Look at the picture above. It’s a tiny part of the magnificent cathedral garden at Wells (a must see, by the way.) Sure, there are a few flowers visible, but what’s most striking is the gorgeous blue of the large-leaf hosta (‘Blue Hawaii’, I believe) combined with the thick green waxy leaves of the bergenia. Almost out of sight, to the left, is the green and yellow variegation of acuba japonica. The combination of these leaf colors entirely steals the show, drawing the eye to delightful rest in this cool corner of the garden.

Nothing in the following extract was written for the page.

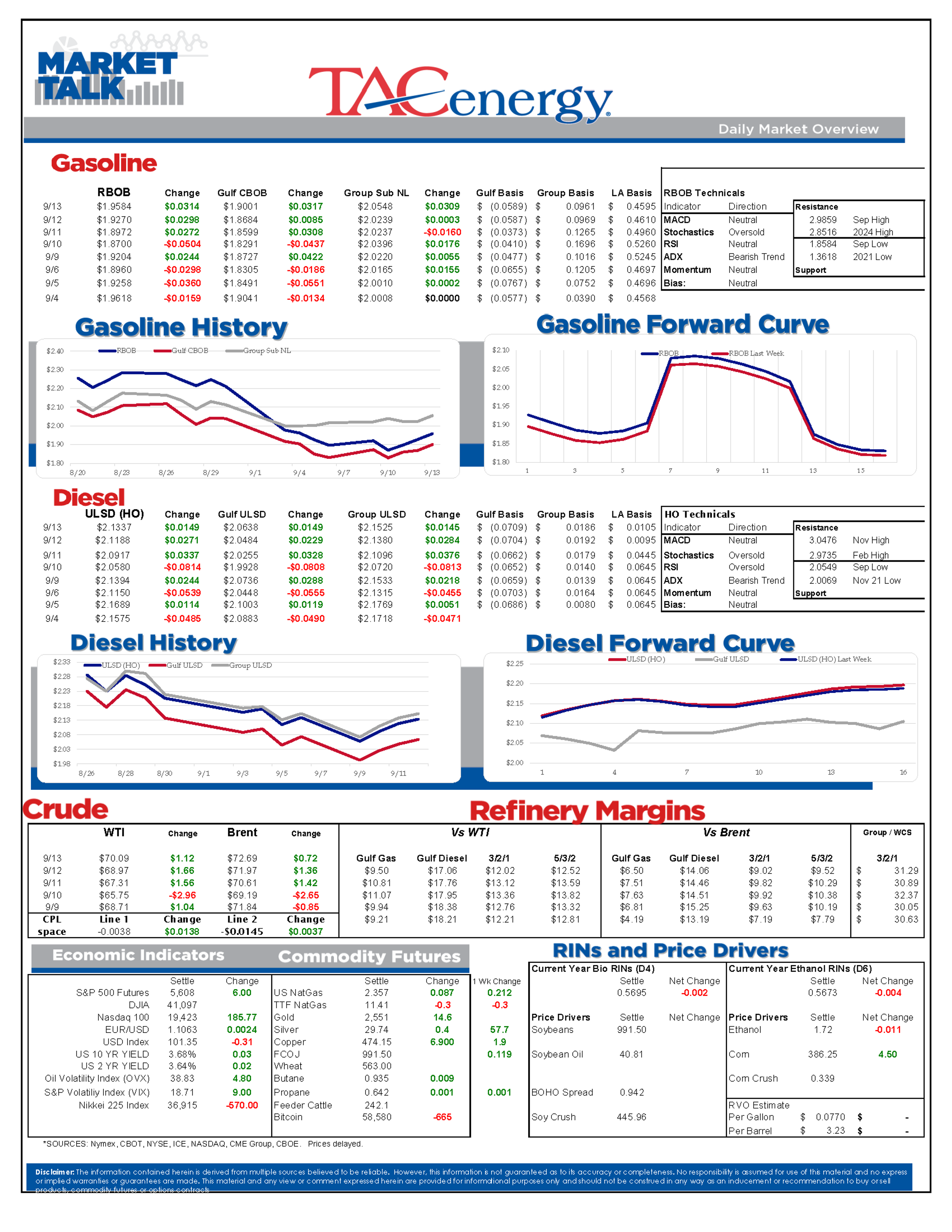 Energy Futures Are On Pace For Weekly Gains After Reaching Multi-Year Lows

Hosta, of course, are one of the all-around best plants for foliage, and they come in a strikingly large range of colors, sizes, shapes and textures. (The crinkling pattern certain cultivars exhibit is called ‘crenelation’ for those who like to pay attention to such things.) Interestingly, I was talking to the owner of the exhibit (left) at London’s Chelsea Flower Show, and he was telling me that selling hostas is an uphill battle in England. “Why?” I asked. “Slugs!” he answered, “They love our hosta as much as our wet English weather.” “Oh that’s simply resolved,” I replied. “Get a few ducks! I let mine wander around the yard and they eat every bug, slug, worm or caterpillar they can find.” I think he thought I was crazy, but it’s true. Since I have allowed the ducks free reign, there has hardly been a crawling bug in sight. Nor do they do the damage the chickens do, scratching up the beds. For those of you with no ducks, slug pellets do the trick, as does a simple can of beer, opened and buried in the ground with the top open to the sky, and three-quarters of the content poured out. Slugs love beer, and quickly come to a very liquid end. (I probably should have told him that too, but the Brits already know so much more about gardening than we do I wasn’t of a mind to surrender any more of our limited competitive advantage.)
The little green charmer in the center of the display, and highlighted at right here, is a new variety I had not seen before, ‘Churchmouse,’ which had the mostly interesting, almost succulent green leaves. The picture doesn’t it do it justice: I watched as person after person couldn’t help but reach out and stoke the leaves. I intend to track down ‘Churchmouse’ for my own garden this year.
So what’s the quick take-away from all this? There’s more to color than flowers, and you should always be thinking of ways to maximize the textural, sculptural and color advantages foliage has to offer.